In the last few years, there has been controversy regarding the terms Hispanic, Latino and Latinx. The long answer by Census guidelines is "OMB defines Hispanic or Latino as a person of Cuban, Mexican, Puerto Rican, South or Central American, or other Spanish culture or origin regardless of race." Latinx is described by Merriam-Webster as a word for people of Latin American descent who do not identify as being of the male or female gender or who do not want to be identified by gender.
You will find that preferences range from being identified based on the specific places of origin (20 countries are part of Latin America), being identified as Hispanic, Latino or Latinx. We all want to be seen as the unique individuals we are, and we all have different preferences. In the spirit of accommodating the individual preferences, the golden rule is to ask each individual about their preference.
Hispanic/Latino/Latinx are extremely diverse in race, religion, age, spoken languages, and more. There are many stereotypes that Hispanic/Latino/Latinx face daily in their workplaces and communities. Here are a few examples to be mindful of:
- Assumption: What a Hispanic/Latino/Latinx looks like?
Fact: We come in all colors and shades!
- Assumption: What Hispanic/Latino/Latinx people believe in?
Fact: There are several religious practices over the 20 Latin American countries.
- What language Hispanic/Latino/Latinx people speak?
Fact: The language spoken can vary from Spanish to Portuguese, Haitian, Creole, Mayan languages, and more.
Hispanic/Latino/Latinx people are not identifiable by a single narrative. There are some vital statistics to provide insight into why it is essential to seek to understand this group.
- The US Hispanic population reached 60.6 million, the largest single minority group, in 2019.

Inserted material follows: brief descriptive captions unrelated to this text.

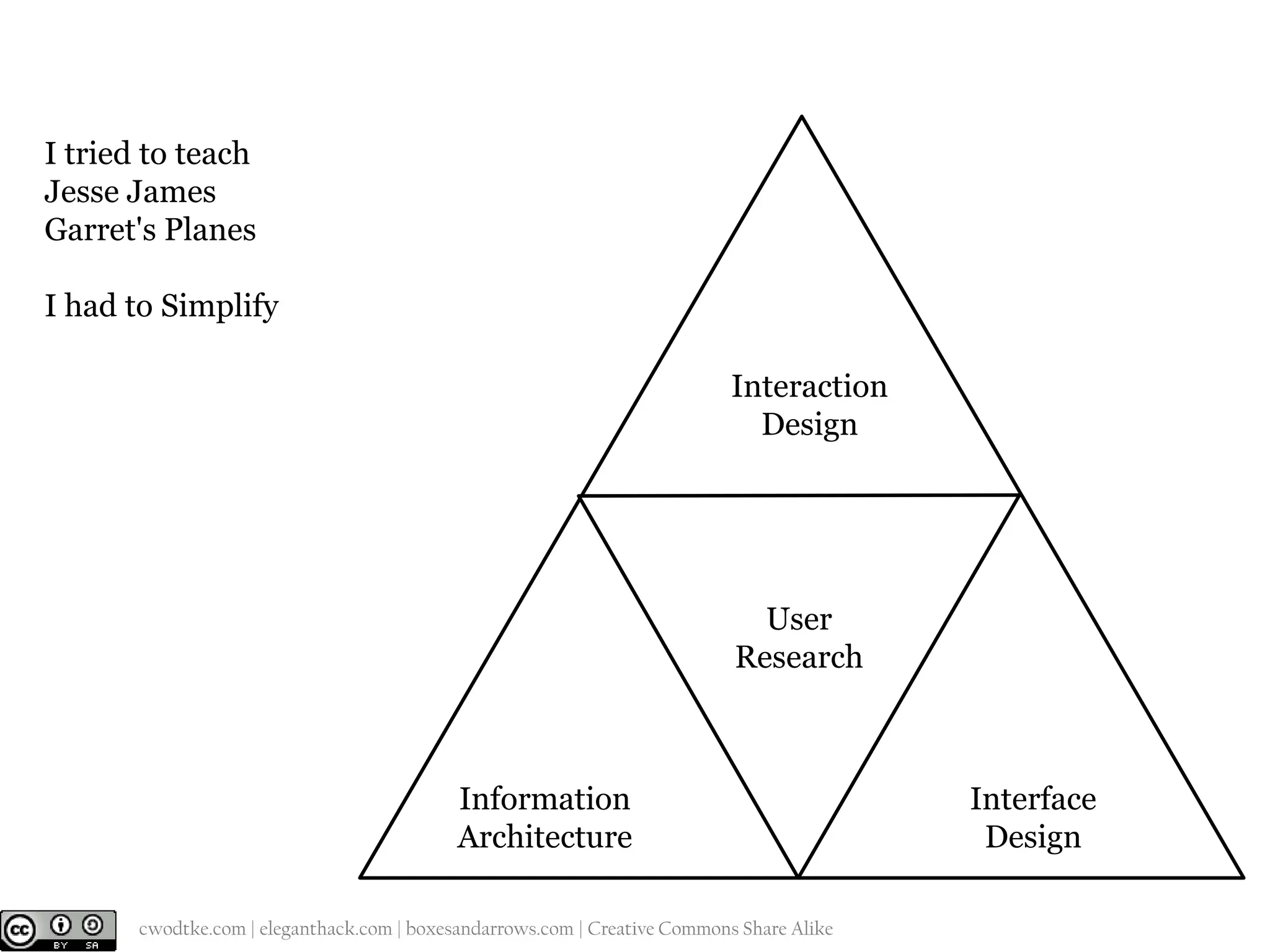 I tried to teach
Jesse James
Garret's Planes
I had to Simplify
Interaction
Design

- The U.S. Census Bureau estimates that by 2060, Hispanics will account for over 28 percent of the entire U.S. population or 119 million people.
- The Hispanic buying power is estimated at 1.7 trillion dollars.
- 71% of Hispanics speak at least some Spanish at home, either primarily or in combination with English.
- The U.S. Census Bureau estimates that from 1996 to 2016, the number of Hispanic students enrolled in schools, colleges and universities in the United States doubled from 8.8 million to 17.9 million. Hispanic students now make up 22.7 percent of all people enrolled in school.
- Over the past 10 years, the number of Hispanic business owners grew 34%, compared to 1% for all business owners in the United States.
As you can see, Hispanic/Latino/Latinx people are and continue to be an essential segment of your potential customers, suppliers, employees, employers, and competition. Have you created a plan to attract, retain, and promote these people in your organization to build products and services that are inclusive and reflective of the Hispanic/Latino/Latinx experience?
Celebrating the Hispanic/Latino/Latinx Heritage Month is not only about focusing on the outstanding food and colorful culture. Plan on increasing awareness of the Hispanic/Latino/Latinx culture and the contributions of this group to this country and your organization. Invest in Hispanic/Latino/Latinx employee development to put them in places where decisions are being made, and let's celebrate!